The task requires repeating, word for word, the lines from the one with "RENEW Knit Women’s Zip Hoodie - Wine" through the end of the material, leaving out all pictures.

RECORDED DATA —
****************
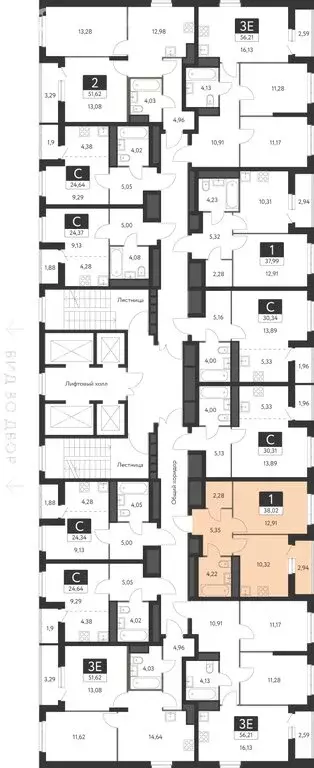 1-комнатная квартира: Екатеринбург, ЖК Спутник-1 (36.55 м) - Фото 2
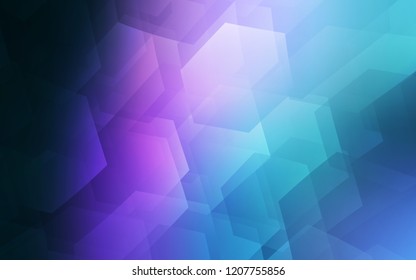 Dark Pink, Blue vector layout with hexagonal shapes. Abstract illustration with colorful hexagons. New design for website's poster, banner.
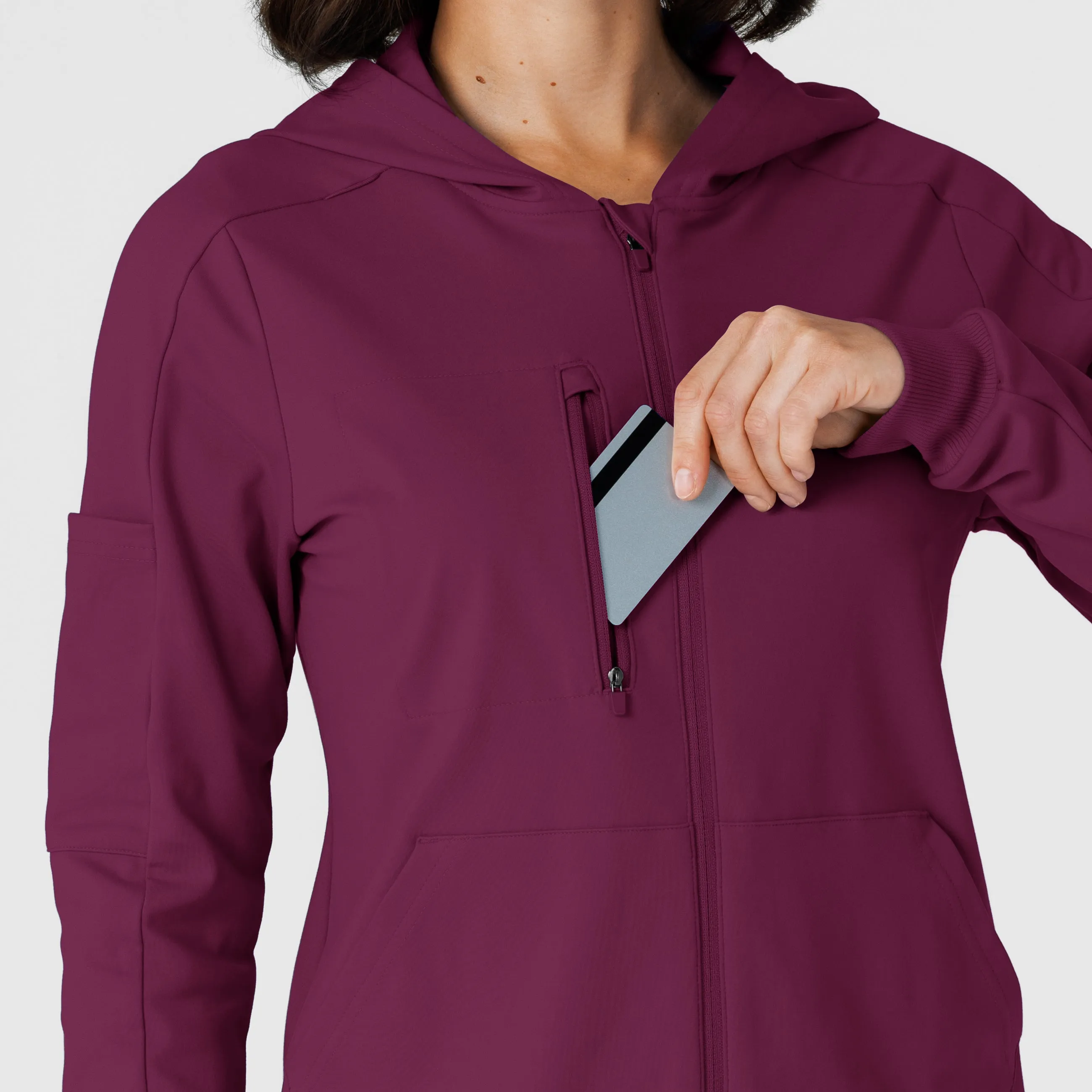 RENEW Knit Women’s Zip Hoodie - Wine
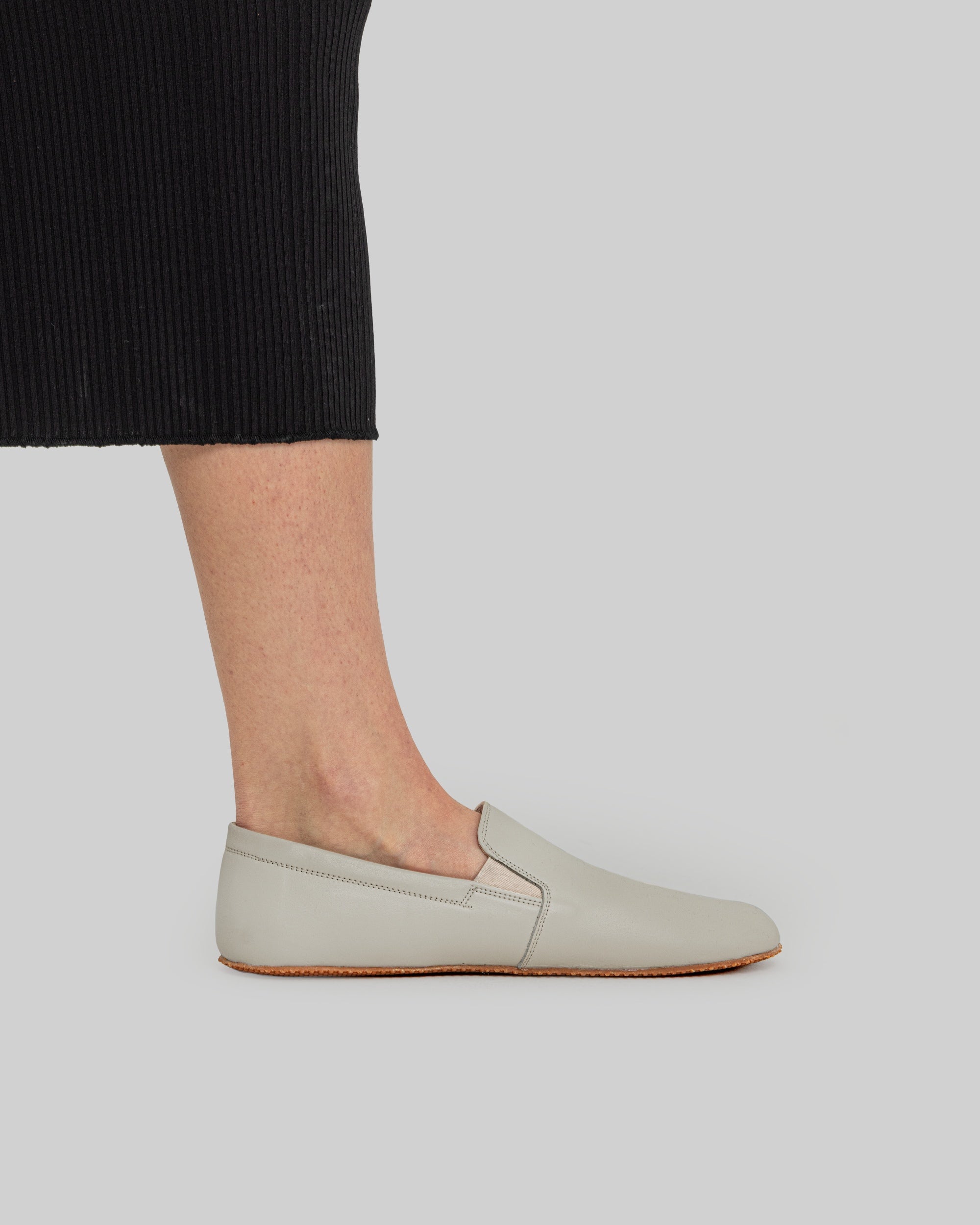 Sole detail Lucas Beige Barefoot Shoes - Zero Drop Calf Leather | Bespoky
****************
SOLVED EXERCISE —
 RENEW Knit Women’s Zip Hoodie - Wine
 Sole detail Lucas Beige Barefoot Shoes - Zero Drop Calf Leather | Bespoky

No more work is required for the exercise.